Nostalgic thoughts from a land-lubber.
MIST YOU Copyright 2008 Michael Raymond
She pulled and twisted against her captive ropes. Held firmly in place, she groaned and fought against her restraints. Seeing her there, like that, was sad. I remembered the sadness I felt the last time I had seen her, leaving and uncaring that I longed to go with her. She turned her back on me and drifted out of my life.
She was younger then, and beautiful. Now, in her anguish and strain, she was still beautiful, but older. Then, I thought her a most wonderful sight as the sun lit her graceful outline and danced, sparkling in the mist that surrounded her.
“How long has she been like this?” I asked. He shook his grizzled head and spat a squirt of tobacco into the black harbour.

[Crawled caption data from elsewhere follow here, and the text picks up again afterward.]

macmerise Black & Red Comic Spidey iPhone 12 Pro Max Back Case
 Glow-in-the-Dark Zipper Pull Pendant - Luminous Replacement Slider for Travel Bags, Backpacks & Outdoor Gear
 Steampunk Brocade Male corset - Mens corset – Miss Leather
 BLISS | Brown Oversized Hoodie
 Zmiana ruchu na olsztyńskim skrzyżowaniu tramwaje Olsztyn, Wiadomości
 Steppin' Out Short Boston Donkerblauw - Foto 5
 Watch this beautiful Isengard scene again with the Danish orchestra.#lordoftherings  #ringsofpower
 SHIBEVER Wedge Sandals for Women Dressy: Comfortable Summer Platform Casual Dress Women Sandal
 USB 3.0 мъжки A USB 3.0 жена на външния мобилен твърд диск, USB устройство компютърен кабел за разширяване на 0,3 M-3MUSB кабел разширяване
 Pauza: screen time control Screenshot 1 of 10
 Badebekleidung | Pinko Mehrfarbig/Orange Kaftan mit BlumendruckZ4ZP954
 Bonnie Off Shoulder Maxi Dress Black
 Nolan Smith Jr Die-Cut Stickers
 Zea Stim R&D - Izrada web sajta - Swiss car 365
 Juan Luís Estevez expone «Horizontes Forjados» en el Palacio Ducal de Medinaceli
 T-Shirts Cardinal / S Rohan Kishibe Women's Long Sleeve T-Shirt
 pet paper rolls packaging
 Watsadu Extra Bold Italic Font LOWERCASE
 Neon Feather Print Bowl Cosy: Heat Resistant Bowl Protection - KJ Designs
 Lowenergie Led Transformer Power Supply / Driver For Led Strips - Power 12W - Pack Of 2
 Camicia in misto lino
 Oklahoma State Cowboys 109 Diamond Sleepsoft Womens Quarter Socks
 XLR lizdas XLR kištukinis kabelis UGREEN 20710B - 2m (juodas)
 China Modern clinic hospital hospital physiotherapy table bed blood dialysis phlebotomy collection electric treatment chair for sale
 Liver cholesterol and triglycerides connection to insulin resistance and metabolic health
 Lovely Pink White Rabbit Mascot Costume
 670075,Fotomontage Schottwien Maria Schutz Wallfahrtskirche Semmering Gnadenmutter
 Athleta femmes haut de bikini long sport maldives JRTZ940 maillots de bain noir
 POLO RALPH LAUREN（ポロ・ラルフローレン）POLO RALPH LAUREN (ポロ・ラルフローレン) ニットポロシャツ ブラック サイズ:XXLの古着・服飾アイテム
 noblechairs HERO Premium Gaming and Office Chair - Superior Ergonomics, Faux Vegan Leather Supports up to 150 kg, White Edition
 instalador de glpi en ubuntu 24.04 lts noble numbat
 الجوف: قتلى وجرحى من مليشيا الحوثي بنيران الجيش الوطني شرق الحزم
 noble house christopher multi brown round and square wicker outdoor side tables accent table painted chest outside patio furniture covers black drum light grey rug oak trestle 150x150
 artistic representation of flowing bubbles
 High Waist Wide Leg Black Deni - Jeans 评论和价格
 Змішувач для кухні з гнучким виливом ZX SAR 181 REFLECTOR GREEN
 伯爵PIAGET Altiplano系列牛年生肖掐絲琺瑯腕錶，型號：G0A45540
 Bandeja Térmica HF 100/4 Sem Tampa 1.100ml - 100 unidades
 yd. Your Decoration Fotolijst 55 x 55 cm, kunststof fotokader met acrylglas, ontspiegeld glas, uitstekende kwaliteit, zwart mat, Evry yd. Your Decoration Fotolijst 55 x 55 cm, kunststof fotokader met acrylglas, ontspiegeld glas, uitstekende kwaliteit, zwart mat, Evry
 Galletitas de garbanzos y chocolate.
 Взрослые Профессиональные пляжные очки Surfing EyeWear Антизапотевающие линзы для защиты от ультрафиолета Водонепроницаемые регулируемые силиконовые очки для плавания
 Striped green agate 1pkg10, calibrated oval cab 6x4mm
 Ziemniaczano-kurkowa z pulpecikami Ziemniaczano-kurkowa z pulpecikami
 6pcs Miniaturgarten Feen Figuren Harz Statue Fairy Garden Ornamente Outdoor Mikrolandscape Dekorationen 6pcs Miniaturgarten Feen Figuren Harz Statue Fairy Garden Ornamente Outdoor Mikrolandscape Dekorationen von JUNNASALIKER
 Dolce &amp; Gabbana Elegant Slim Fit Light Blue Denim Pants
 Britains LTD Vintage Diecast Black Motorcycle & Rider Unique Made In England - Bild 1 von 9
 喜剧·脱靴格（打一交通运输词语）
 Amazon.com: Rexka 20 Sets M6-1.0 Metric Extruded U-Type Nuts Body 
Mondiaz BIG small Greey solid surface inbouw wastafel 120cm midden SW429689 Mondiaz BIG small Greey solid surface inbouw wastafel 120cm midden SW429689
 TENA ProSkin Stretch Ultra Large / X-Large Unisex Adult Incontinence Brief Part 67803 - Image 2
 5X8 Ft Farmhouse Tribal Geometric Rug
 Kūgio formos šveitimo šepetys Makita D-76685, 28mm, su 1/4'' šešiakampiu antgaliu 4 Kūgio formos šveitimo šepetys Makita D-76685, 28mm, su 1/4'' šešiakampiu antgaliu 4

“It must be nigh on to ten year now.”
I couldn’t believe my ears. “Ten years! She’s never been taken out in that long?”
His pale blue eyes looked up at me. “Nope. Owner died some time back. New owners never even been down here to see her.”
“Who owns her?” I asked, hating them instantly.
“Not rightly sure,” after pause and another squirt of tobacco. “Some city fella back in Torawna.” Another shake of his head, then, “Jack would have the name, up to the office.”
I knew then what must be done. I had no money, certainly not enough to buy her, but I knew that I must do something for her. Perhaps she could be hauled out, scrubbed and painted. As we slowly made our way back to the marina office, I let old Pete know how I felt.
At the door of the office he stopped and smiled up at me. Not a word was spoken, but he snicked with a twist of his mouth and winked. We then went in.
Later, sitting above her, feet dangling over the side of the wharf, we made a list of work that needed to be done to set things right. Old Pete and I sat there for hours that evening and worked together on many nights to come.
Six weeks later, tired but happy, we watched her glow once again in the fading evening light. We shook hands and accepted the compliments of a few onlookers. She sat resplendent on her trailer cradle, with a new coat of paint and name.
Stencilled across her transom, in fluorescent blue, we had painted ‘Mist You’ in italic lettering. She was ready for her trip to Toronto. Once again, I wasn’t going with her. A cheque had arrived, our reimbursement, with a note that she had been sold.